The company filing the suit, Tuff City, claims that the Beasties’ wrongfully sampled Trouble Funk beats on several tracks on their classic albums Licensed to Ill and Paul’s Boutique.
Tuff City’s suit alleges that the Beastie Boys appropriated portions of Trouble Funk’s 1982 song “Drop The Bomb” for “Hold It Now Hit It” and “The New Style” on Licensed to Ill and again for “Car Thief” on Paul’s Boutique.
A quick listen to “Hold It Now Hit It” reveals a drum beat that sounds like a slightly slowed-down version of the one on “Drop the Bomb,” which you can listen to here:
In addition to the three songs on which the Beasties allegedly misused “Drop the Bomb,” Tuff City also charges that another 1982 Trouble Funk track, “Say What,” was wrongfully used to score the beat for the Paul’s Boutique track “Shadrach.” Besides “Say What,” “Shadrach” also samples from songs by James Brown, Sly and the Family Stone and Sugar Hill Gang, and makes lyrical references to AC/DC.

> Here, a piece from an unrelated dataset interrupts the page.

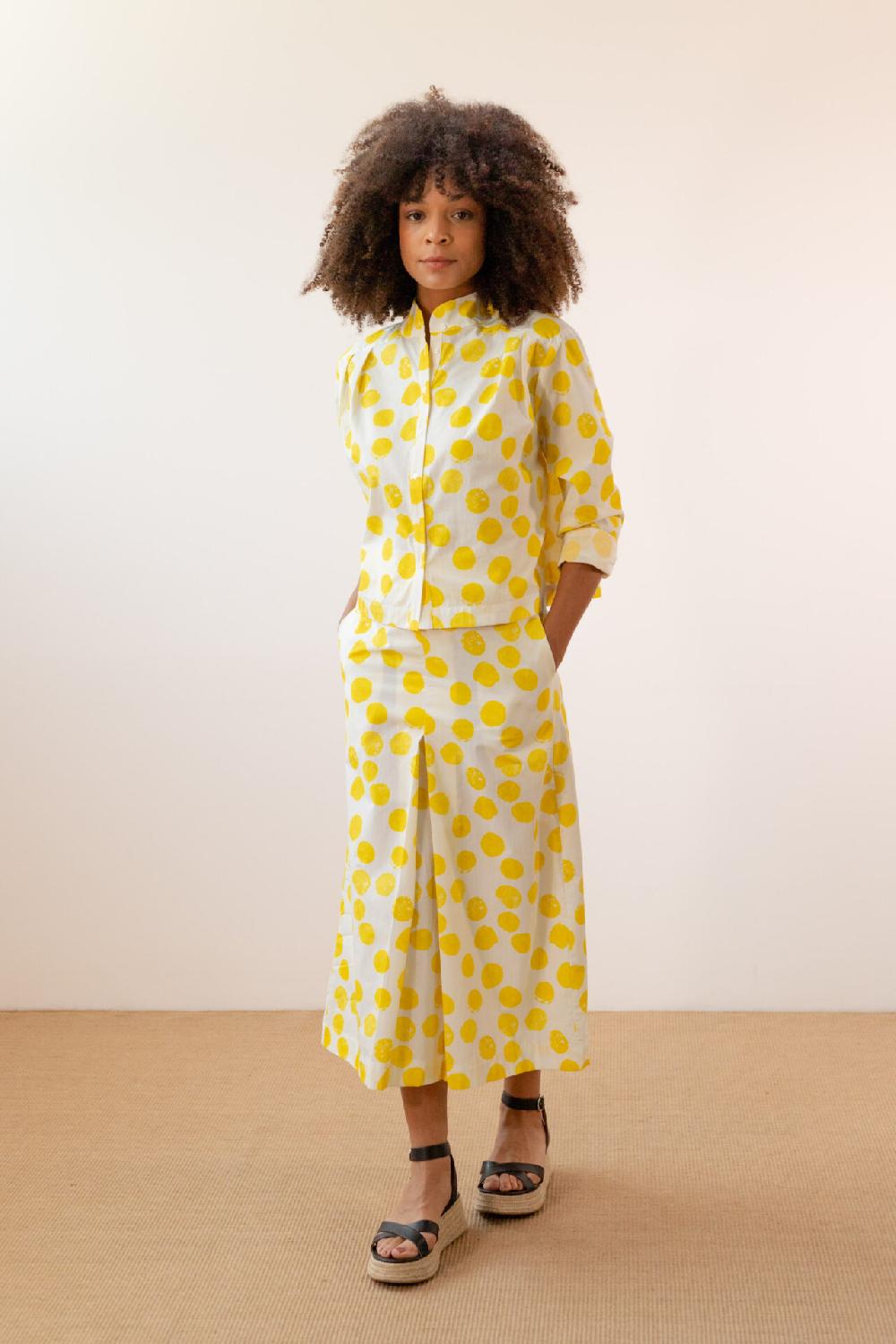 pan producto básico Falda estampada topos amarillos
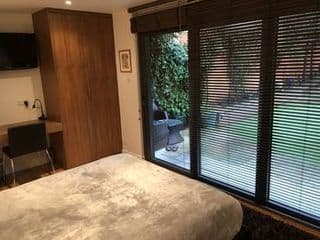 Romantic Bungalow in Notting Hill - Photo 2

But Trouble Funk, it turns out, wasn’t even aware of the sampling or even of Yauch’s passing until contacted by reporters. The go-go outfit’s leader, “Big Tony” Fisher, told The Washington Post that the group hired Tuff City more than a decade ago to go after “people that have been using and abusing our stuff without our permission.”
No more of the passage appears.